During the past 40 years, Hodges has also knocked out racing articles for regional newspapers and remains a contributor to Racing NSW Magazine and in 2004 was awarded the Racing NSW Country Media Award.

“I’m also a presenter of racing news on ABC and commercial radio [unpaid roles]. I have also worked part-time hosting promotions for Ag’n’Vet Services, a rural supplies business originating in Forbes but now with stores around NSW.”

Hodges said he played a lot of sport before committing to race calling and when pressed, said he won an Australian Sports Medal in 2000.

“I was opening batsman for the under 20s in the Central West cricket rep side and won the under 20s Central West tennis doubles with Neil Smith from Forbes. I loved playing rugby league and am a long-time fan of the Newtown Bluebags.”

Not many realise Col Hodges is the only man in NSW to have called a triple dead-heat for first place: “I was fortunate to call the triple dead-heat in the Imperial Hotel Class 2 Handicap at Cowra on 20 January 1997,” Hodges recalled with precision.

“It was the only triple-dead heat in NSW and the last of only four triple dead-heats officially recorded in Australia; the others were Flemington (1956), Townsville (1985) and Stoney Creek (1987). I still remember it clearly: Sleepers [Dar Lunn], Sir Laucrest [Tracey Bartley] and Churning [Mark Galea]. Bula was a neck away in fourth place.

“Correct weight wasn’t declared for 20 minutes as the head steward Shane Cullen and his panel wanted to make sure of the decision. The following day some high-tech equipment was used to further magnify the photo and that proved the decision was correct.

“There must have been divine intervention or a huge fluke as I had never said it before and have not ever said it since but as they hit the line I called ‘this could be a three-way dead-heat’. Some of the owners and trainers involved still have the race video and the TAB dividends for all the combinations took a big portion of the newspaper page the next day.”

Hodges was proud to rattle off some of the best horses he has called: • Rising Prince: “He won an Improvers Handicap at Forbes and later a Cox Plate for Vince and Deidre Stein from Bathurst” • Sniper’s Bullet: “Trained by Tracey Bartley, he won his first two at Dubbo and later three Group Ones including a Stradbroke” • Tullmax: “Freak; won a maiden on debut at Parkes as a 6yo due to illness when trained by postman Trevor Doulman on Molong Golf Course.
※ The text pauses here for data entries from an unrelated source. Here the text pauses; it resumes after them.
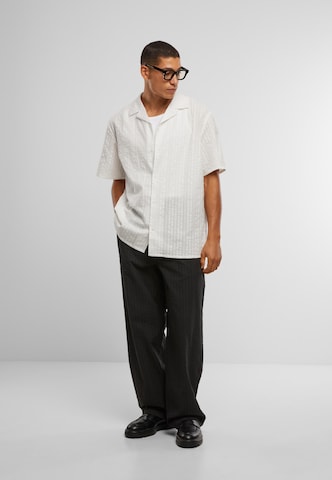 Loosefit Pantaloni di Urban Classics in nero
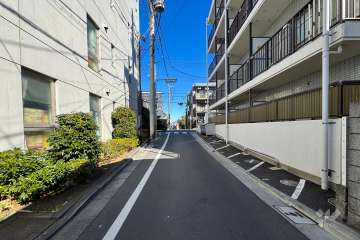 敷地西側の前面道路　
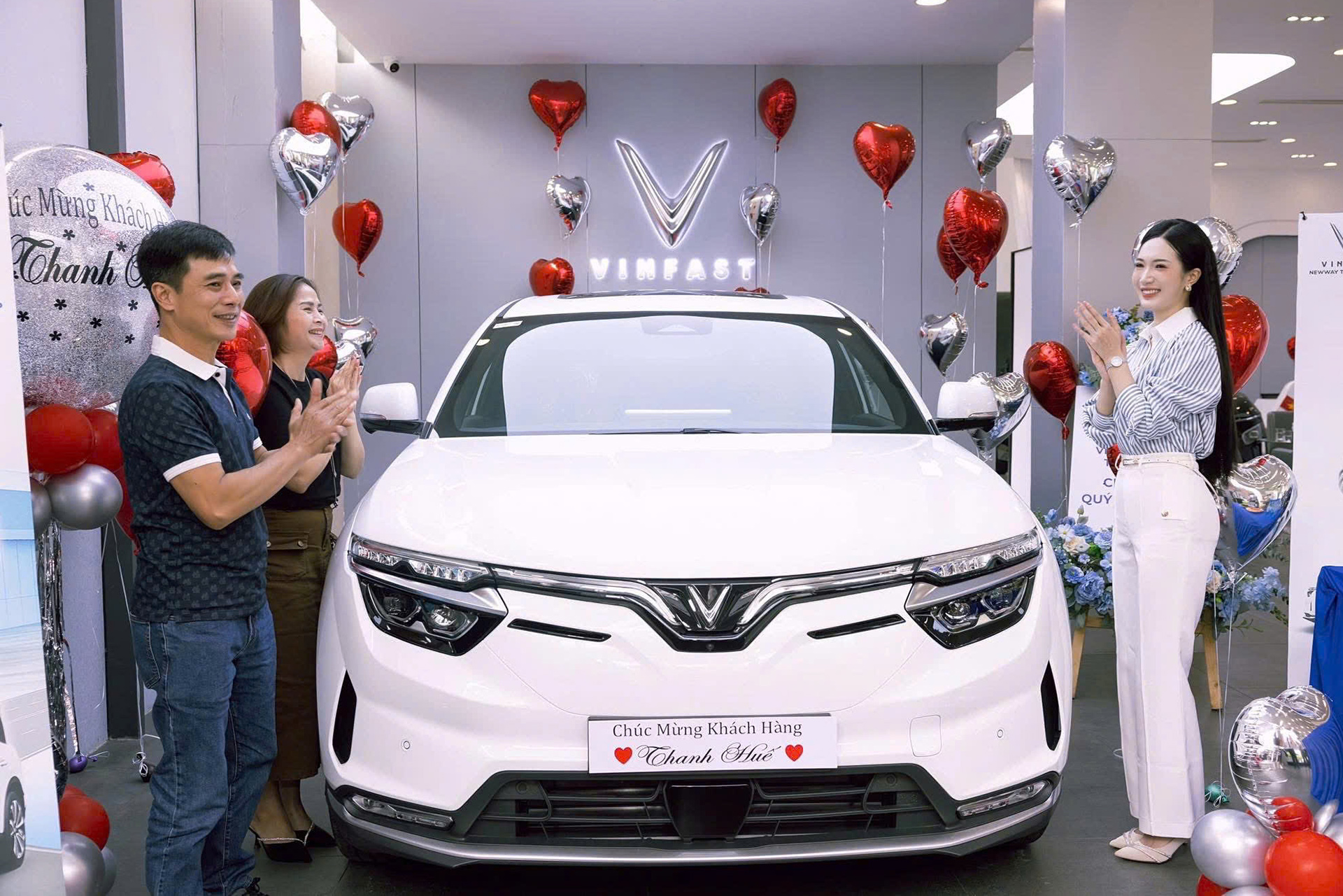 Vingroup khẩn cấp hỗ trợ khách hàng giảm áp lực xăng dầu- Ảnh 1.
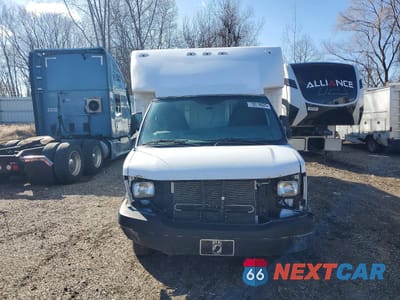 Piąte zdjęcie samochodu w środku: 2015 GMC SAVANA CUTAWAY G3500 VIN:1GD374CG3F1226668 - miniatura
Went on to win a Group 1 [George Main Stakes] at Randwick.”

Hodges reflected on the drawbacks of a racecaller’s life: “You can’t just pick and choose the meetings you work at.

“One has to give up a lot – I’ve missed many birthdays and weddings but it’s a job I still love. It might be a different game these days but some of the initiatives in NSW now are fantastic like the Country Championships.

“There is a great feel out here, one I haven’t experienced in years. All the trainers now plan nearly a year ahead to have their horse ready for the qualifying races. And the inaugural NSW Picnic Champion Series; some of the picnic jockeys have come out of the woodwork and want to ride in the $50K final at Dubbo on September 17.

“Blokes like Rodney Robb [Nyngan trainer] said he hasn’t seen it so good in the bush. Graziers were getting rid of their horses when they were doing it tough but Rodney said they’re now calling him to go and buy them a horse. It’s fantastic.”